Nevertheless, it is clear that while the FEP cannot technically be falsified, the intrinsic parsimony and elegance of the principle can be practically computed and the utility and scientific value of the theory can and should be extensively tested. In the best case, the FEP would be a parsimonious and elegant principle, which applies to a wide range of systems and can derive fruitful scientific insights about them which are impossible to derive any other way. In the worst-case scenario, the FEP could apply only to a sterile and arcane subset of mathematical systems with no relevance to the real world, and it cannot produce a single meaningful scientific insight or result into the nature of sentient systems. Which case the FEP falls into is a question which can be figured out through mathematical research and empirical investigation and, in my opinion, the answer to this question is far more useful to assess its scientific value than the technical question of strict falsifiability.
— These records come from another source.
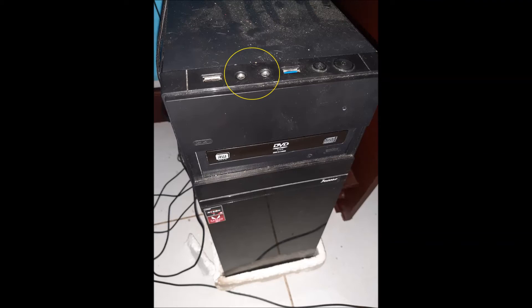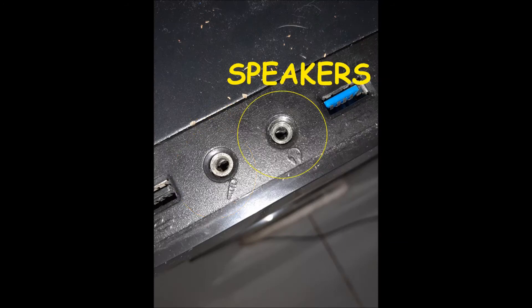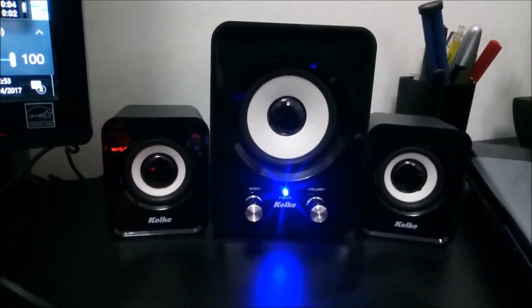On some PCs there is another port at the top or at the front. In this case they have no colors, but they have symbols. One has the symbol of a mic and is obviously for mics. The other one has the symbol of headphones, and we can plug in our speakers or headphones in there. Okay guys, thumbs up, leave a comment, and subscribe for more — bye bye!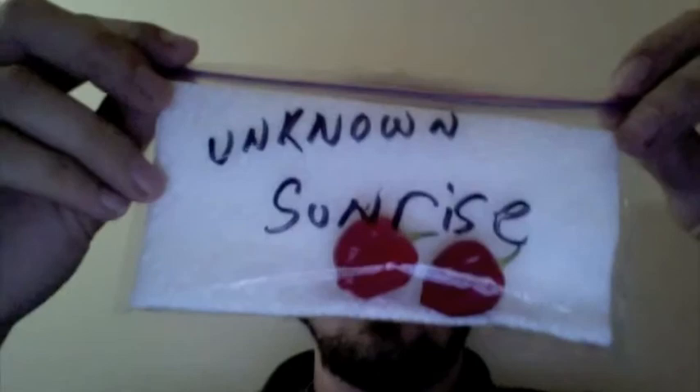All right YouTube, back again, and this is the third and final installment in the Sean Clemmer pod trilogy. This is the Unknown Sunrise, and I don't know much about it other than it's a type of habanero cross. It's an awesome-looking pod.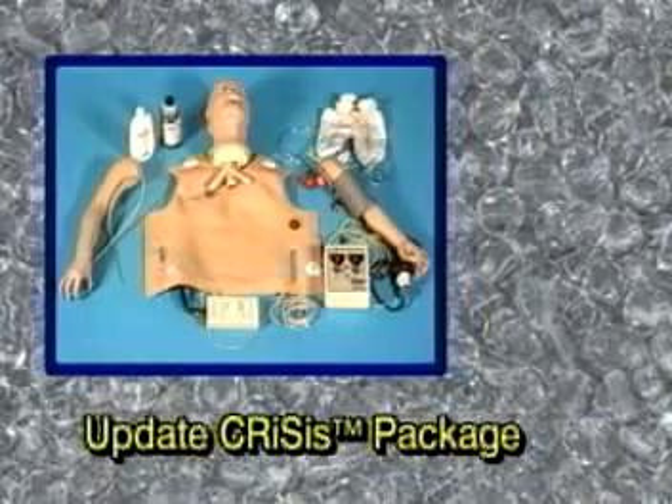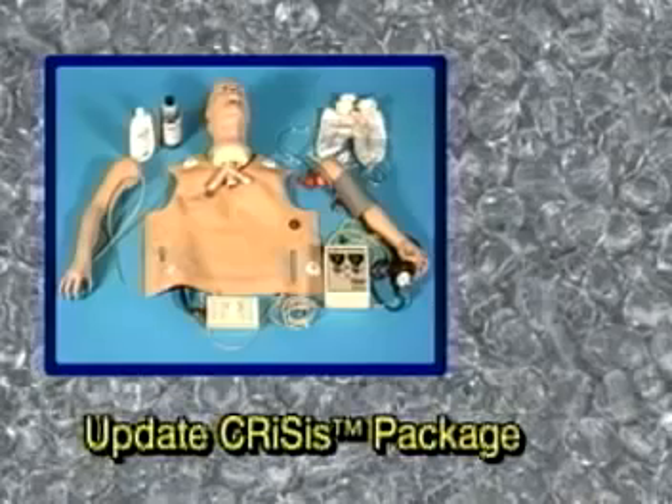Although we recommend the complete mannequins, the components can be purchased separately to update your older mannequins.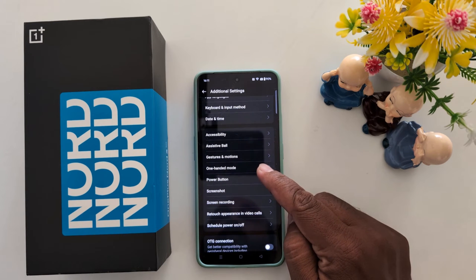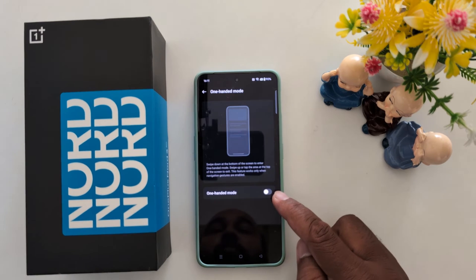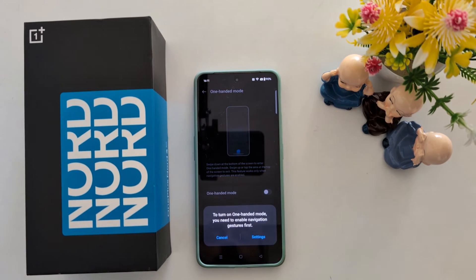Scroll down and you can see the one-handed mode option. Tap on it, then toggle on the one-handed mode option. To use one-handed mode on your phone, you need to enable navigation gestures first.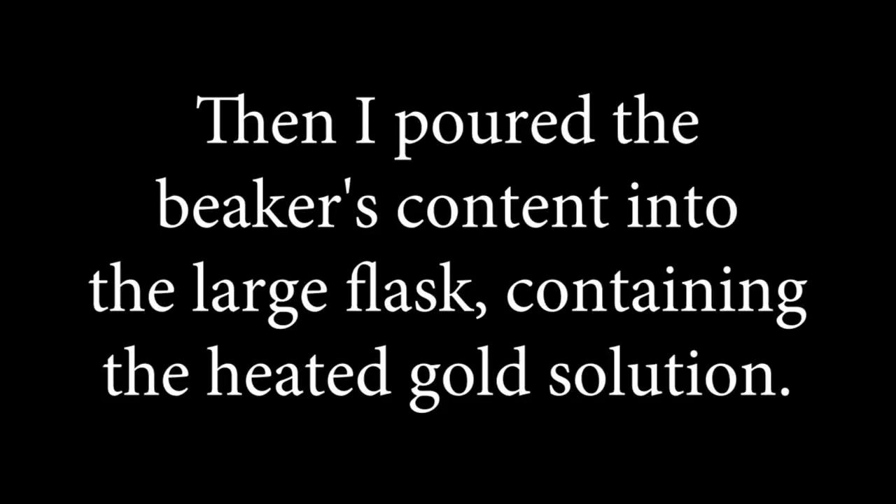Then I poured the beaker's content into the large flask containing the heated gold solution.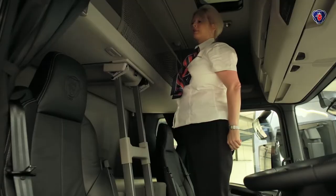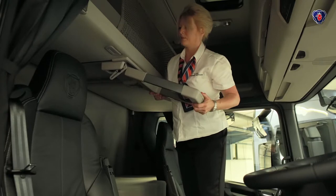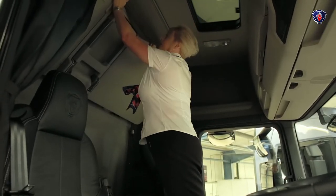To stow the bunk, just reverse that process. Fold the ladder away and click into place, then raise the bunk. You can leave the bunk in any position you like if you want extra storage space, for example. You'll hear ratchets clicking as you raise it, and they'll lock it in place once it's in the position you want.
(1) Although this seems like quite a loose condition, it does nevertheless impose some constraints. By modelling the system as a Langevin equation we effectively require 1.) that the rate of change of the system depends on the instantaneous value of its variables; the past cannot affect the dynamics. While this is probably true for the laws of physics, if we consider more abstract high-level systems, this condition could be violated. Additionally, the form of the Langevin equation requires additive white, Gaussian noise, which is a strong assumption on the noise which in practice could well be coloured or non-gaussian in complex systems.